それでも充分回避が間に合うし、1人の鬼と追いかけっこを長く続けられるスキルがあれば、それだけ子供陣営が勝てる可能性が上がるのだ。
少し話が逸れたので本筋に戻す。
女王というキャラは、考えなしに攻撃を振って良いほど単純なキャラでは無い。
晴也が言った通り、通常の鬼より歩くスピードが速いため、攻撃後の硬直がありえないほど長いペナルティが設けられているのだ。
通常3秒ほどの攻撃後硬直が、女王の場合はたっぷり10秒ほどある。
まぁ、それだけの硬直があろうとも、見失いさえしなければ追いつけるのが女王なのだが。
しかし、それを何回もしていれば当然逃げ切られるか、仲間に横取りされる。ということだ。
「ちなみに、どうしても女王を使いたい理由とかがあれば聞くよ? 特に無いなら、他のキャラを使う方がマイさんは手っ取り早く強くなれるから」
「それは……ネクラさんが......」
「ん? 私?」
「もう良いや! ネクラさんが、前に言っていたじゃないですか! 女王は、ESCAPEのキャラの中で、1番好みの女性だって!」
「それ、1年前の……?」
「はい!」
確かに1年ほど前、何かのインタビューを受けた時、そんな話をしたような気がする。
女王が好みの女性であることは間違ってはいないし、1年経った今でも変わってはいない。
女王が好きな理由は、主に顔が可愛いから。そして、過去の設定に共感する部分が多いからだ。だけど、それとこれとがなんで繋がるのかが良く分からない……。
「いや、理由は良いんです! 恥ずかしいのでこれ以上は聞かないでください!」
「ん? 分かった……。そういうことなら、女王に関して面白い事を教えてあげる」
「本当ですか!?」
「うん。女王の弱点である攻撃硬直、これを無くす方法」
女王の弱点とは、ある意味で1つだ。それは、長すぎる攻撃後硬直。
それを、瞬間移動という能力を使うことで1回無かった事に出来る裏ワザだ。
これは、どこの攻略サイトにも載っていないので、容易く10段まで上がってこられるだろう。
攻撃後硬直とは、鬼が攻撃をはずした場合、一定時間攻撃が出来なくなり、ついでにその場から動くことが出来なくなるのだ。
動くことが出来ない。つまり、能力自体は使えるのだ。
この事実はあまり知られていないけれど、知っているのと知らないのでは天と地ほどの差がある。

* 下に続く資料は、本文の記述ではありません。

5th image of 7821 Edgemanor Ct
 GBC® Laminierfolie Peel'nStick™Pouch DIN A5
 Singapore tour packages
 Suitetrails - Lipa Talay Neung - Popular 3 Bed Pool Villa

つまり、攻撃をはずした場合、即座にその場へ瞬間移動すれば、攻撃後硬直が消えるのだ。
これは瞬間移動のみに適用される裏ワザで、瞬間移動を発動した直後は攻撃後硬直が無くなるというサイレント仕様がある。
そもそもこんな使い方をする人はあまりいないため、認知度が高くないのだ。
「そんな仕様が……」
「もちろん、女王みたいなキャラを使うなら1回で仕留めないといけないんだけど、どうしても無理だった場合はこの仕様を使えば良いよ。知ってる人がほとんどいないから、それを読んで回避なんてできないし、読めたとしても対応出来るものじゃないからね」
「そう、なんですか?」
「これもあまり知られていないけど、鬼と子供、双方が瞬間移動を使った後の5秒間は、周りに自分の姿が表示されないんだ。見えないところからの攻撃なんて、避けられる訳がないのさ」
こういうちょっとした仕様があまり知られていないのは、1つの陣営でしかプレイしない人が大半を占めているからだ。

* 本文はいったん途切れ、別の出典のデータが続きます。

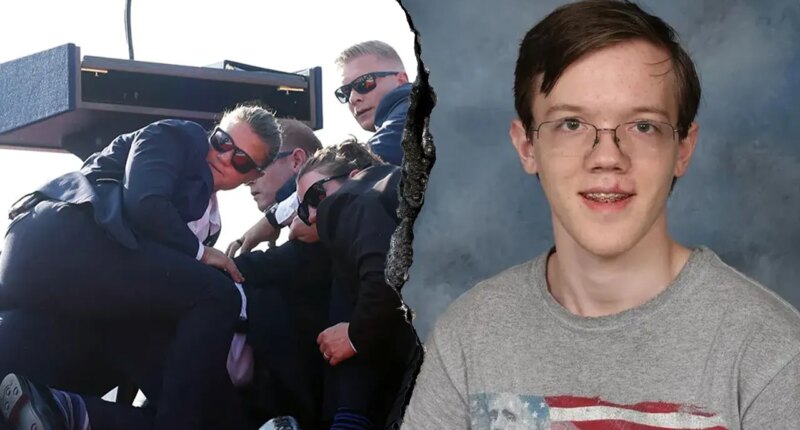 Attempted Trump assassin Thomas Crooks used 'Bob Dole' alias before anonymous donor paid for cremation: docs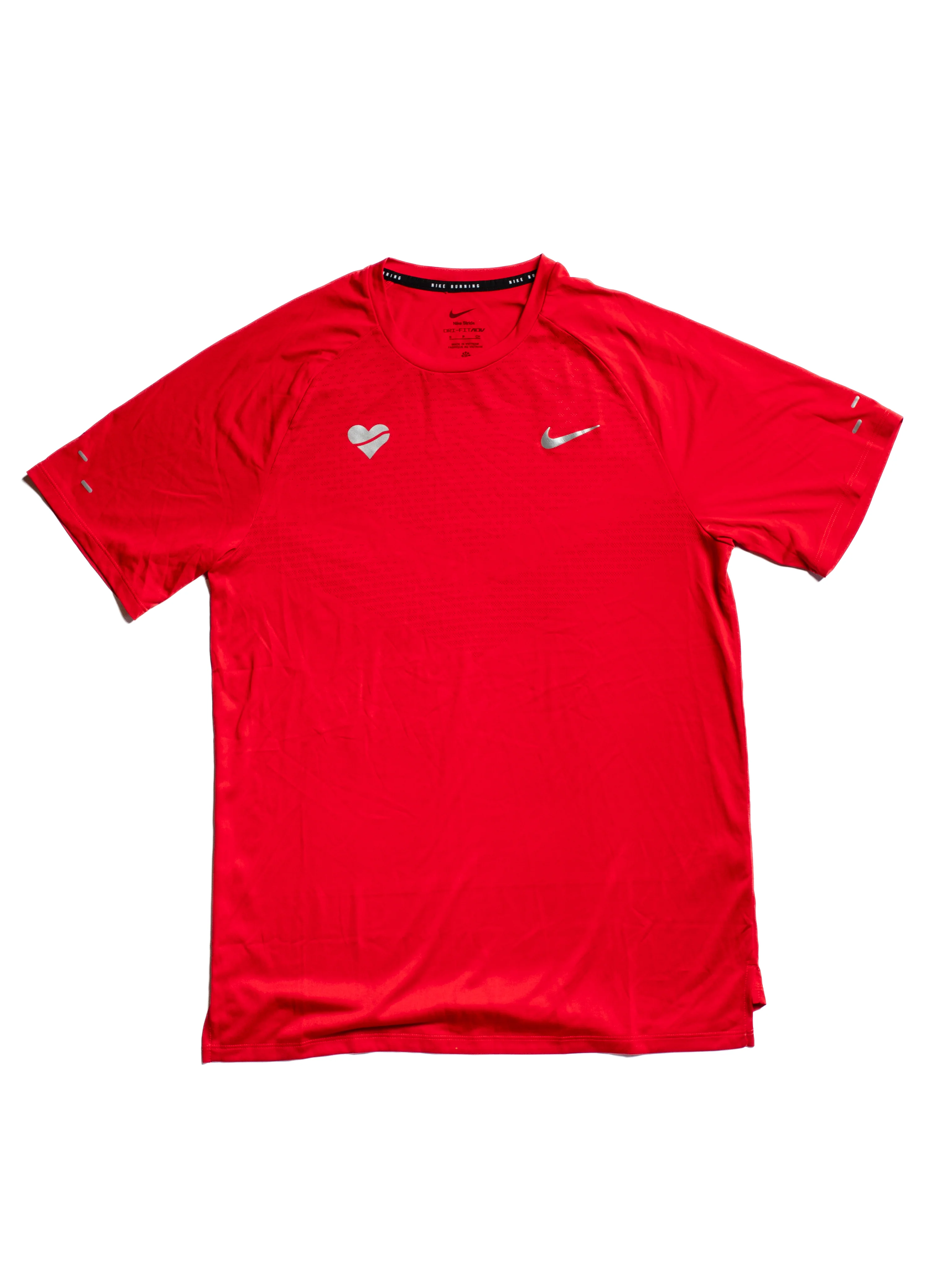 Nike Men's Stride Dri-FIT ADV Short-Sleeve Running Top - Image 2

瞬間移動した先に鬼が居て、すぐに気付かれず疑問に思う人はいたかもしれない。
だけど、5秒後には表示され、認識されるのだ。そりゃ、普通にやっていて気付けるはずがない。
「なるほど! 勉強になりました!」
「うん。マイさんが10段になったという報告を上げてくれるの、楽しみにしているよ」
「……はい!」
涙ながらにそう答えた彼女は、力強く頷いた。
「ちなみにフレンド登録は……」
「……そのままが良いの?」
「……はい」
ゲーム内ではあっても、かなり可愛い女の子から涙ながらにそんな事を言われたら、断れる男などこの世にいる訳がない。
まぁ実際、晴也のフレンド欄に表示されているプレイヤーの数は0という訳ではないため、これだけで燃えるとは考えにくい。
しかもこの子は、近い将来かなり凄い子になるはずだ。打算的な思いもあるが、フレンドになっておいて損はないだろう。
「良いよ。でも、私のIDなんて晒さないでね? 多分どうにでもなるけど、処理が面倒だから」
「もちろんです! 家宝にします!」
「家宝の使い方、微妙に間違ってる気がするけどね……」
そんな感じで、その女の子はギルド内から姿を消した。
まだ講習をしたのは2組だけなのに、なぜかどっと疲れが溜まったような気がする……。
少し休みたいと思った晴也だが、そんなことは許さないとばかりにギルドの扉が叩かれる。
彼がこのゲームから抜け出せるのは、この数時間後だった……。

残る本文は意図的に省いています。